As a father calls his children to come home, our Heavenly Father will one day call each of us home. We do not want that moment to be one of doubt, anxiety, or fear — and it doesn’t have to be.

The end of a good life is like a parent calling a child home after the child has done his chores and then spent an afternoon playing joyfully in the neighborhood.  One elderly Christian whose friends and loved ones had passed on before him said that he felt that he just got to stay and play a little longer.  But no matter how long we may stay, this life will end for each of us, and the Lord will call us:  “For man goes to his eternal home, And the mourners go about the streets” (Ecclesiastes 12:5).

After death, there’s judgment (Hebrews 9:27).  And that is the thing that can create a lot of anxiety about being called home if we are not prepared.  “For we must all appear before the judgment seat of Christ, that each one may receive the things done in the body, according to what he has done, whether good or bad” (2 Corinthians 5:10).

Once, when I was in the fourth grade, I was playing with friends down at the end of the block on the street where we lived.  I heard my dad calling in the distance, and, as usual, I immediately started sprinting home.  It wasn’t really time for supper, so I was thinking maybe this time I was in trouble!  Had I forgotten to do something I was supposed to do?  My mind raced faster than my feet.  I ran up the steps of the front porch to find my dad sitting there looking at the newspaper. He’d hurt his back at work recently and was in quite a bit of pain.  He looked up at me and asked me to pick up the rubber band from the newspaper that he’d dropped on the ground.  I was tired from running home.  But I was glad.  Glad to be home.  Glad to do something, even though it was a small thing, to serve my dad.

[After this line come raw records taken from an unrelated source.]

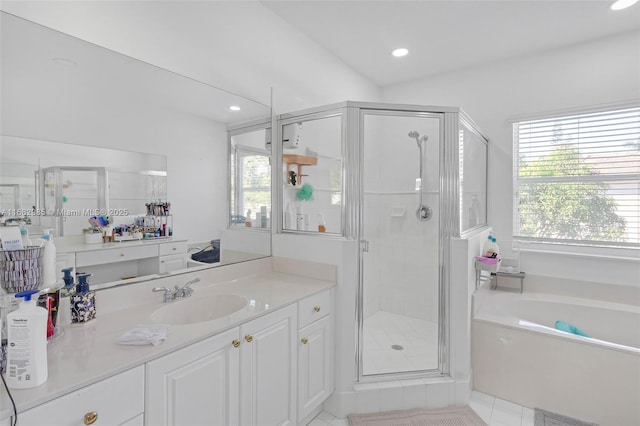 bathroom featuring tile patterned floors, vanity, and separate shower and tub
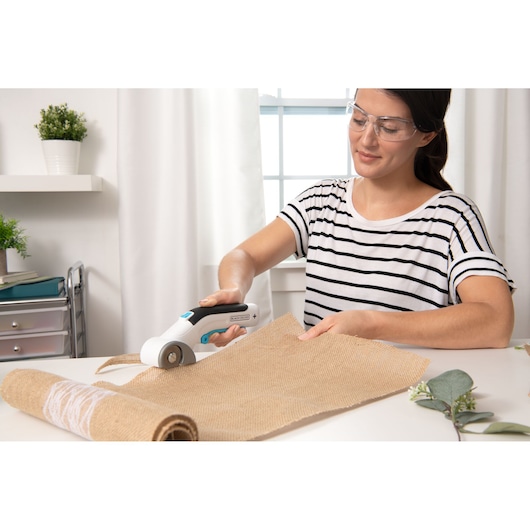 Photo of BLACK+DECKER BCRC115 rotary cutter being used to cut burlap fabric on a white table indoors.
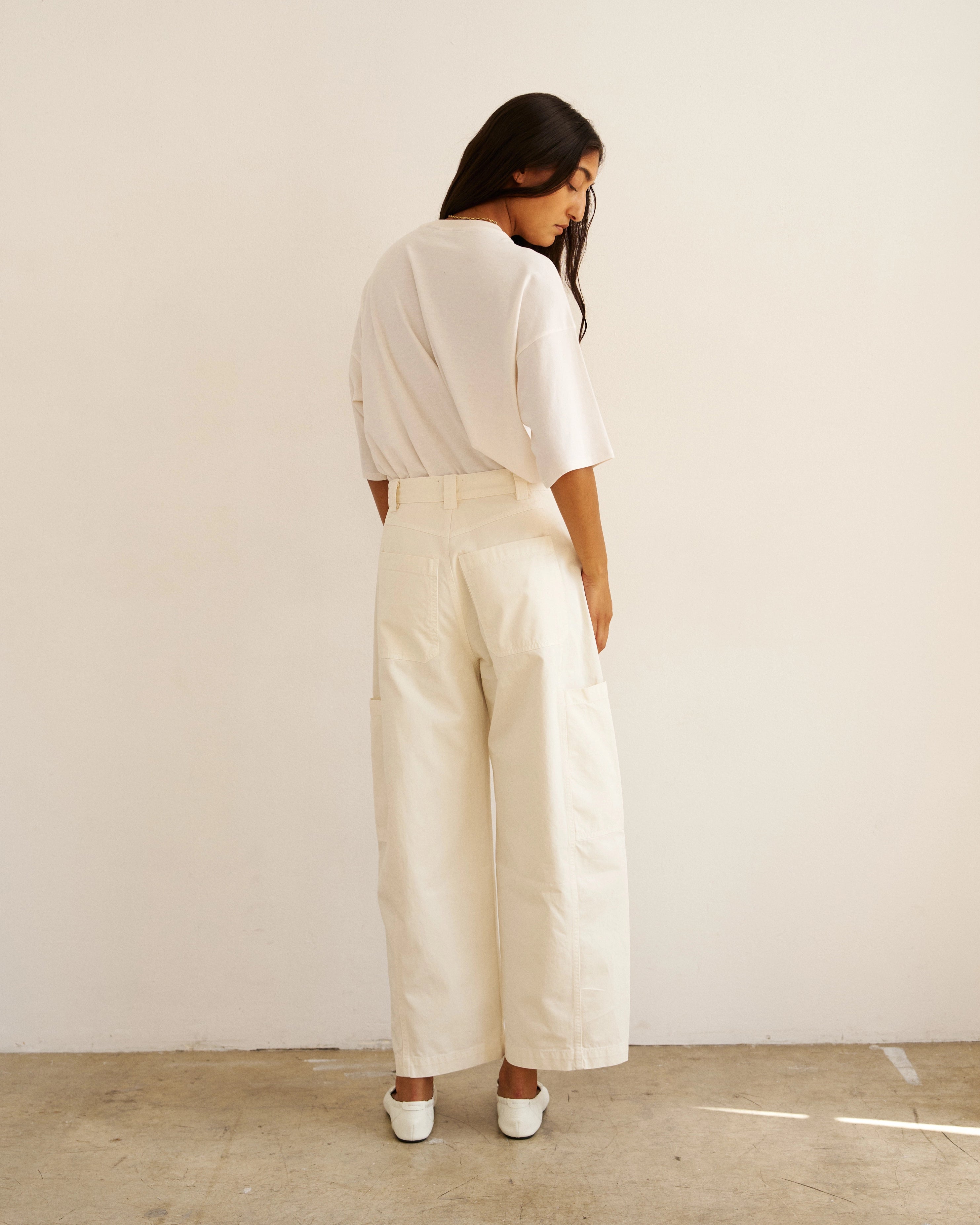 Back view of model wearing The Baggy Painter Crop in Ecru by Jamie Haller with a white oversized T-shirt.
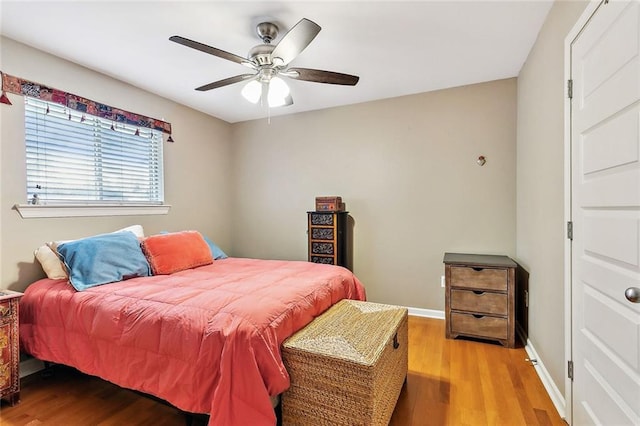 bedroom featuring hardwood / wood-style floors and ceiling fan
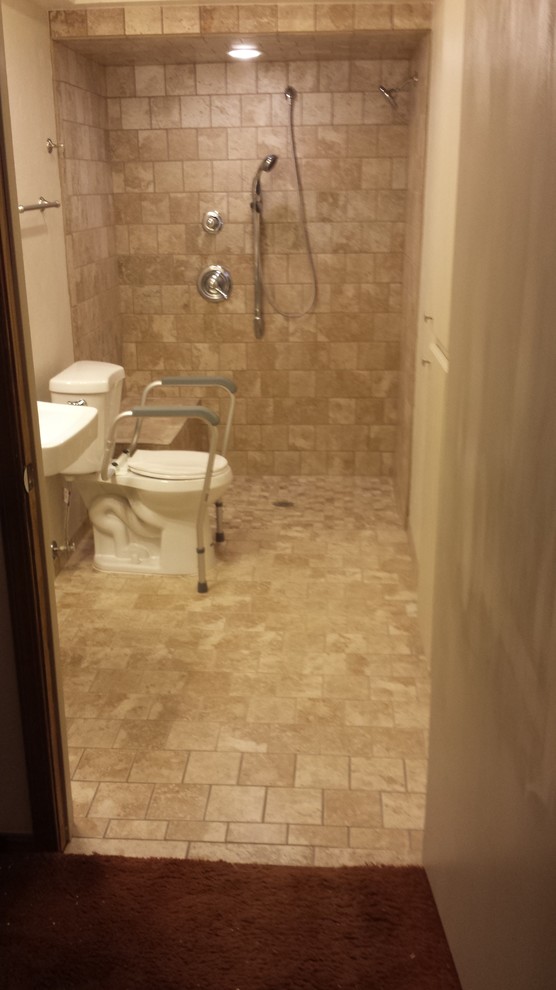 This is an example of a mid-sized transitional master bathroom in Oklahoma City with an open shower, brown tile, brown walls, ceramic floors and a wall-mount sink.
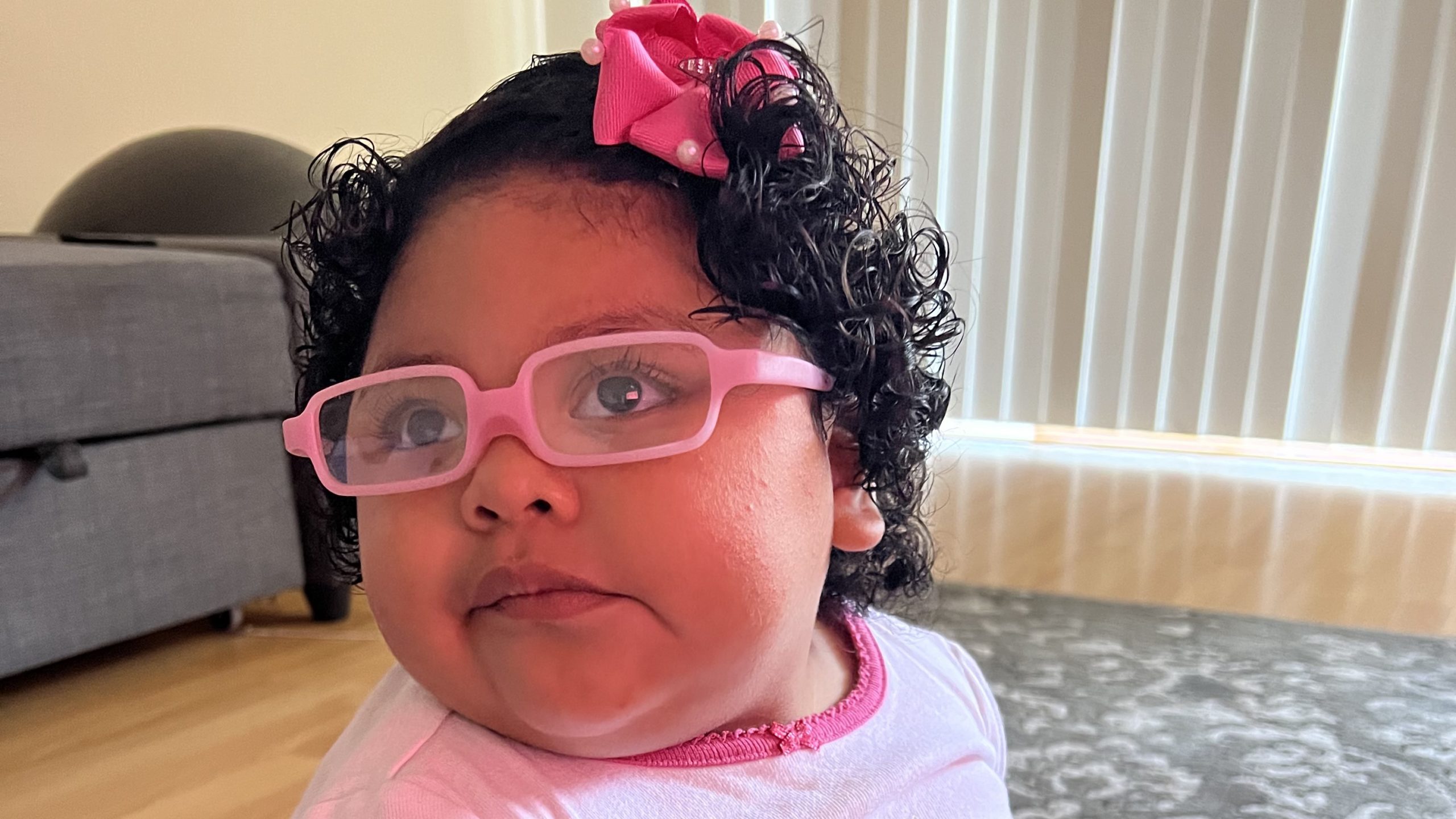 Little Learners girl wears glasses with a pink frame and a pink bow in her hair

If we have been happy to serve our heavenly Father here, we will be happy to be called home to serve Him there.  If by His grace we have lived lives of purity and holiness here, we will be truly at home in His presence.  Let us “be diligent to be found by him without spot or blemish, and at peace” when He calls us home (2 Peter 3:14, ESV).  Let us look forward to receiving “the things done in the body” because we’ve done the good things that our Father has asked us to do.